Short text fragments from websites
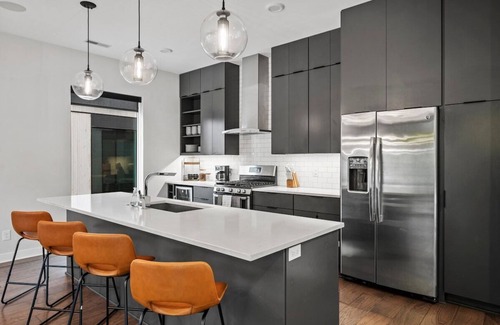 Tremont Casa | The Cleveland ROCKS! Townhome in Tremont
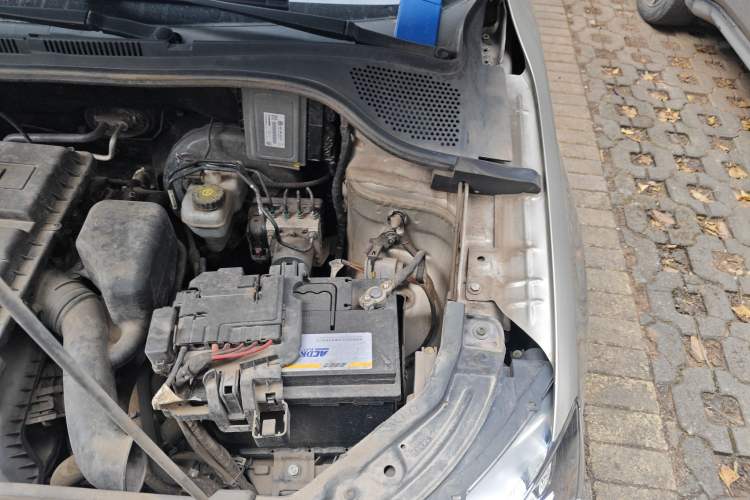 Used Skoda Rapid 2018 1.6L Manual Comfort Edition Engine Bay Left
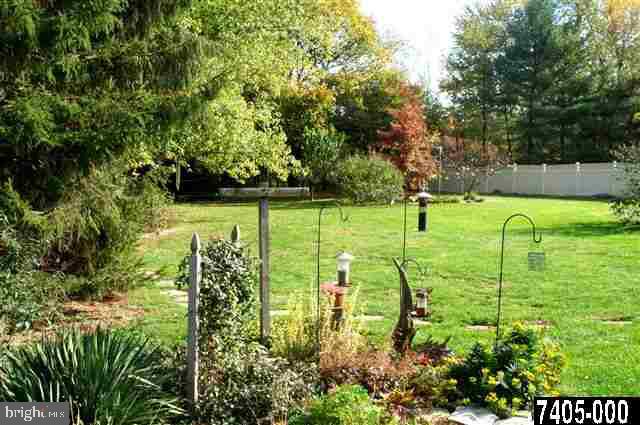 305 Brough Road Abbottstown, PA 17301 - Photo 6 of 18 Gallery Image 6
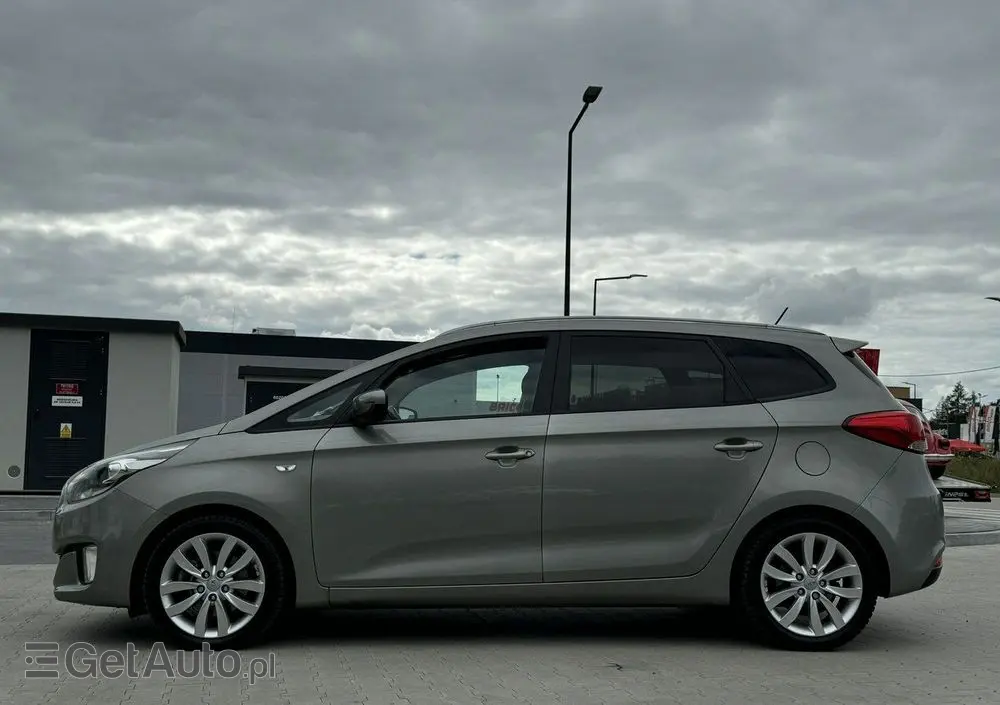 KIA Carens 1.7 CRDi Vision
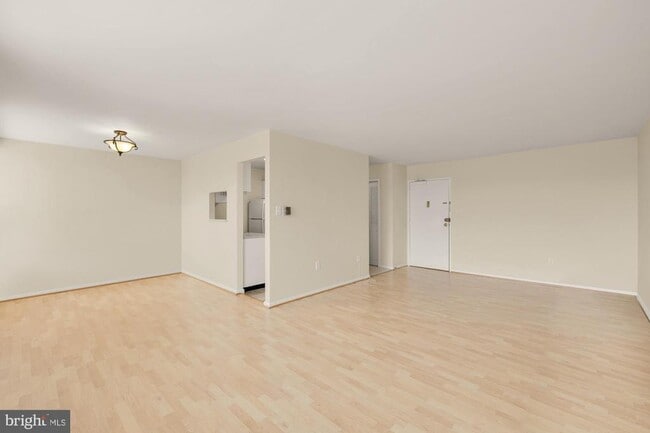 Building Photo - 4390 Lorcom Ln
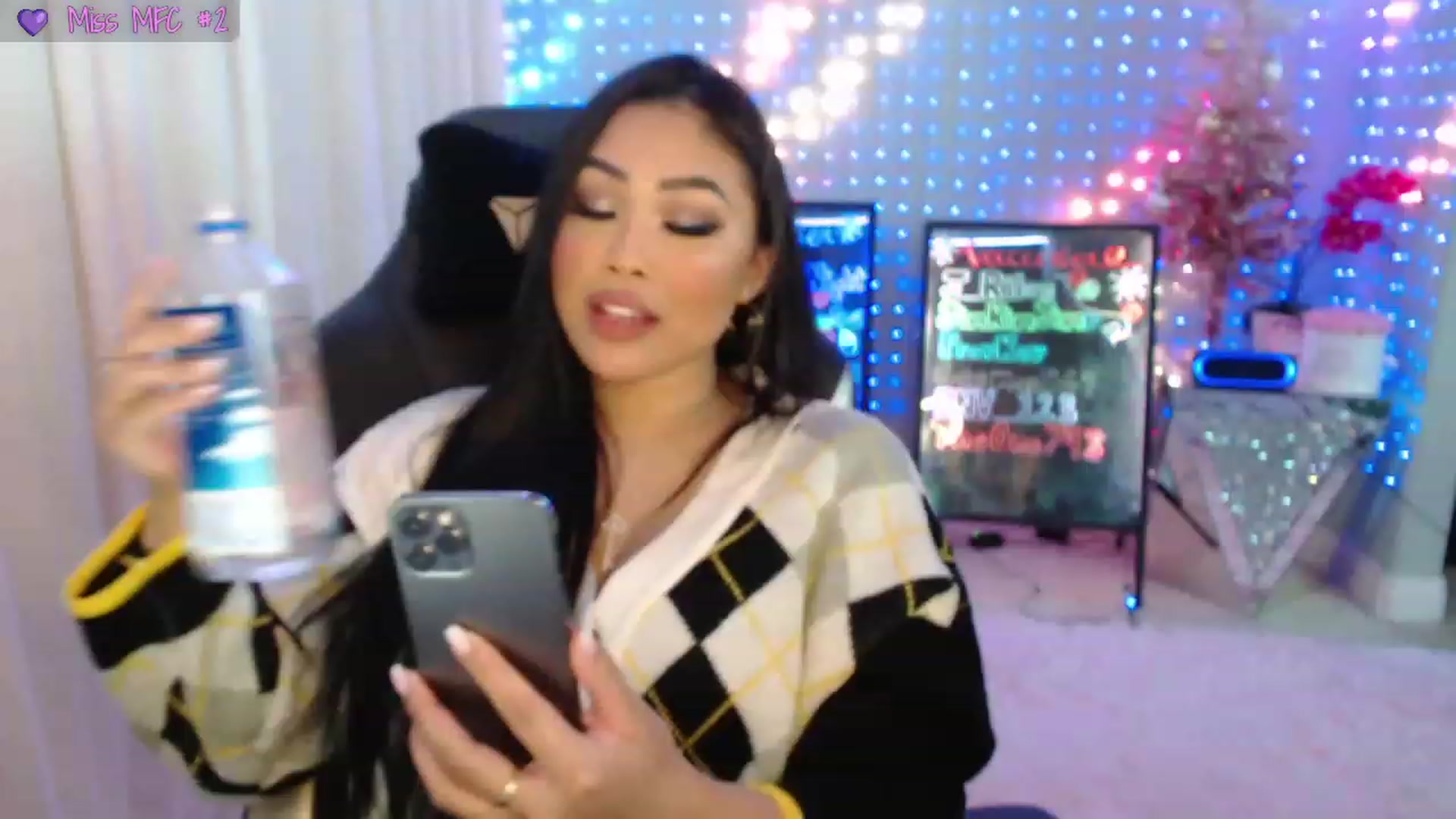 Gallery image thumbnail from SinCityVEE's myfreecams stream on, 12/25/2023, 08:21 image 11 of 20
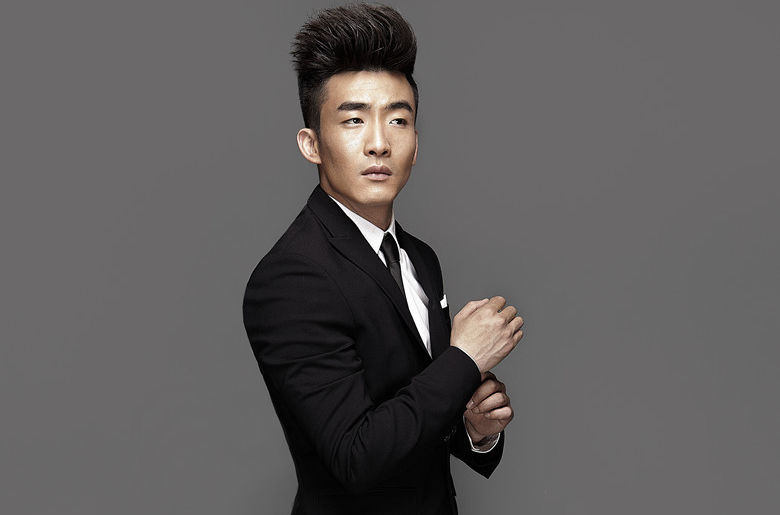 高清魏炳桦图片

- **Work instructions**: Please print every record exactly as written, without the pictures.

- **Exercise response**:
 Tremont Casa | The Cleveland ROCKS! Townhome in Tremont
 Used Skoda Rapid 2018 1.6L Manual Comfort Edition Engine Bay Left
 305 Brough Road Abbottstown, PA 17301 - Photo 6 of 18 Gallery Image 6
 KIA Carens 1.7 CRDi Vision
 Building Photo - 4390 Lorcom Ln
 Gallery image thumbnail from SinCityVEE's myfreecams stream on, 12/25/2023, 08:21 image 11 of 20
 高清魏炳桦图片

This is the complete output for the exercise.